All data collected using Klippel’s Near-Field Scanner. The Near-Field-Scanner 3D (NFS) offers a fully automated acoustic measurement of direct sound radiated from the source under test. The radiated sound is determined in any desired distance and angle in the 3D space outside the scanning surface. Directivity, sound power, SPL response and many more key figures are obtained for any kind of loudspeaker and audio system in near field applications (e.g. studio monitors, mobile devices) as well as far field applications (e.g. professional audio systems). Utilizing a minimum of measurement points, a comprehensive data set is generated containing the loudspeaker’s high resolution, free field sound radiation in the near and far field.

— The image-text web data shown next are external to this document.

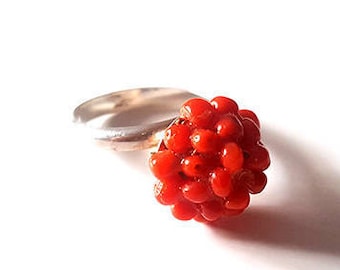 Red coral ring italian coral jewelry donadio corals cameos jewellery bague corail サンゴリング коралловое кольцо anillo de coral gift
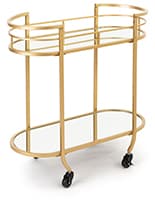 Oval serving cart on wheels with two mirrored shelves 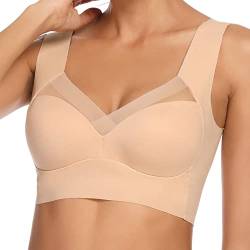 WOWENY BH Damen Ohne Bügel Schlaf Bustier Push up Damen Bralette T Shirt BH Schalen BHS Bügelloser Still Klassischer BH Top Rückenfrei Komfort Weich Beige XXL von WOWENY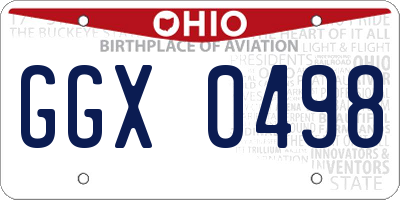 OH license plate GGX0498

For a detailed explanation of how the NFS works and the science behind it, please watch the below discussion with designer Christian Bellmann:

The reference plane in this test is at the tweeter. The speaker can be configured with (2) port configurations: “long” and “short”. I have provided the SPINORAMA and Estimated In-Room response for both (please note each graphic’s title). Harmonic distortion and compression/linearity testing were done using the “long” port.

Measurements are provided in a format in accordance with the Standard Method of Measurement for In-Home Loudspeakers (ANSI/CTA-2034-A R-2020). For more information, please see this link.

CTA-2034 / SPINORAMA:

The On-axis Frequency Response (0°) is the universal starting point and in many situations it is a fair representation of the first sound to arrive at a listener’s ears.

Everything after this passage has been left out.